As we have written about before, female educators in Illinois earn on average $7,775 less than their male colleagues. This disparity in salary translates into average annual pensions that are $3,800 less valuable. In a recent blog post, I found that at least some of the salary and pension gap is derived from the fact that most female educators work in elementary schools, which have lower average salaries compared with high schools where most men work.
In this post, we will look into whether different rates of educational attainment among men and women contribute to the salary gap. This is an important question since in most school districts teachers can earn a significant salary increase, the so-called “master’s bump,” once they earn their master’s degree.
To do this, we looked at the rate of female and male educators who hold at least a master’s degree at each year of experience, and then we compared that trend to the salary data. In both cases, higher numbers correspond with a gap favoring male educators, while lower numbers represent a gap favoring female educators.
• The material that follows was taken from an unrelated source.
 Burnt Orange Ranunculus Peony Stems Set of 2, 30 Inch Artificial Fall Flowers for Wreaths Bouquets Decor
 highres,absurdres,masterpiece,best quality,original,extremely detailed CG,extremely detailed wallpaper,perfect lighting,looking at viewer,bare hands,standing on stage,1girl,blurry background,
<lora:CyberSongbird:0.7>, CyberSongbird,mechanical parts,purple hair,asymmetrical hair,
As shown in the graph below, there’s a gender salary gap (the orange line) even among educators with one year of experience, and the gap steadily increases over time, and growing to $12,567 among those with exactly 30 years of experience. The pattern on educational attainment (blue line), on the other hand, shows a different trend: women tend to hold master’s degrees at slightly higher rates at most experience levels.
Educational Attainment Rates do not appear to Influence the Gender-Based Salary Gap
Source: Author’s analysis of data from Illinois Teacher Service Record (TRS) 2012. Data adjusted for cost of living using the Comparable Wage Index.
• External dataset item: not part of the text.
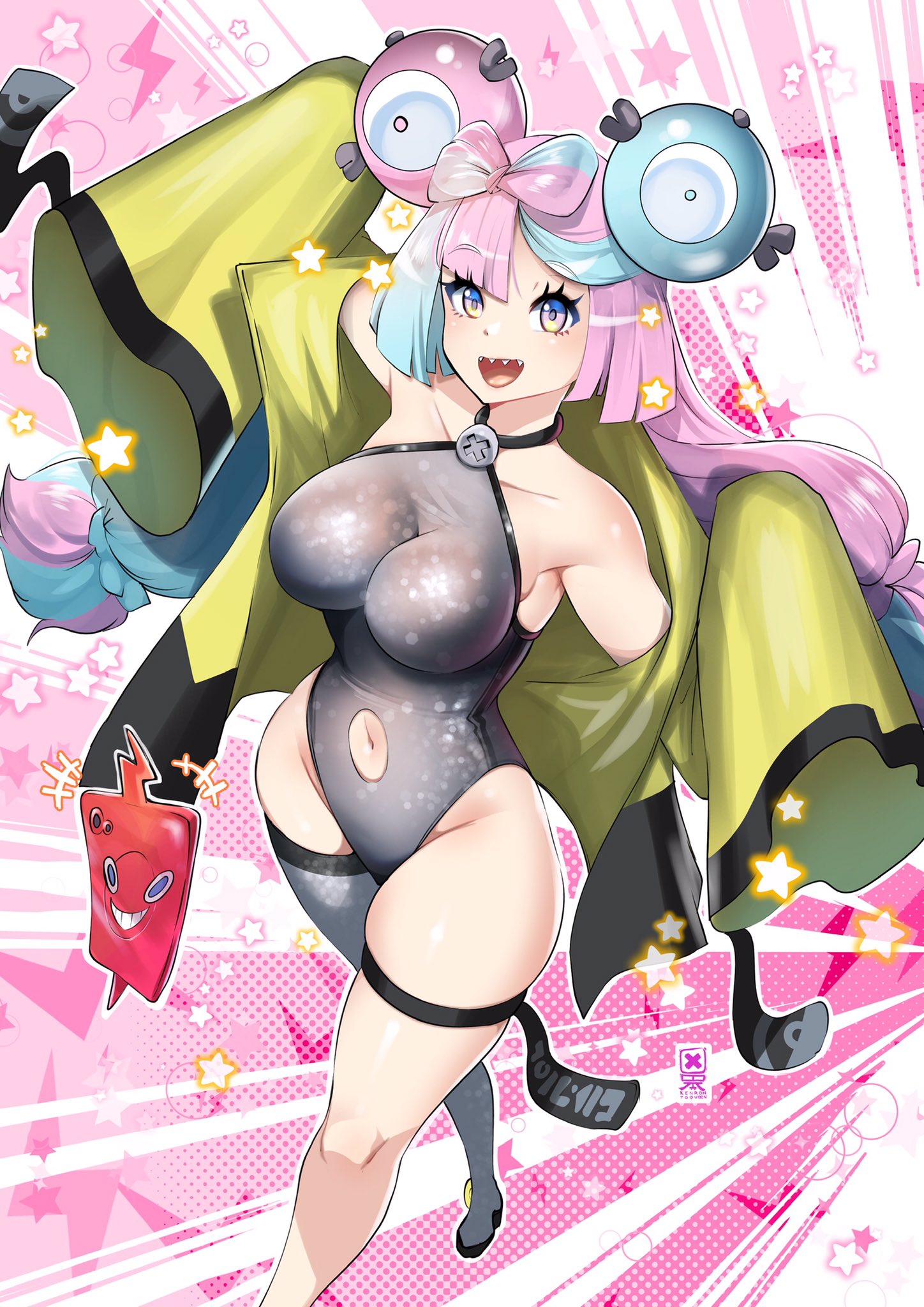 1girls, alternate breast size, blue hair, breasts, female, game freak, gym leader, hair ornament, hi res, highleg swimsuit, hips, iono (pokemon), kenron toqueen, large breasts, light skin, light-skinned female, long hair, long sleeves, nintendo, one-piece swimsuit, pink eyes, pink hair, pointy teeth, pokemon, pokemon sv, rotom, rotom phone, slim waist, swimsuit, thick thighs, thighs, two-tone hair, wide hips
These data show that men with six or fewer years of experience have slightly higher educational attainment, but after that the advantage goes to women. One might expect that with higher educational attainment, women’s salaries would be higher. But no, men have higher salaries at every experience level despite having worse educational credentials. The higher rate of educational attainment for women is insufficient to overcome other barriers to higher salaries, such as working disproportionately at the elementary level.
In the end, educational attainment does not explain why there is a large and persistent pay gap between male and female educators in Illinois. We will further explore other features and potential explanations of the gender-pay gap in future posts.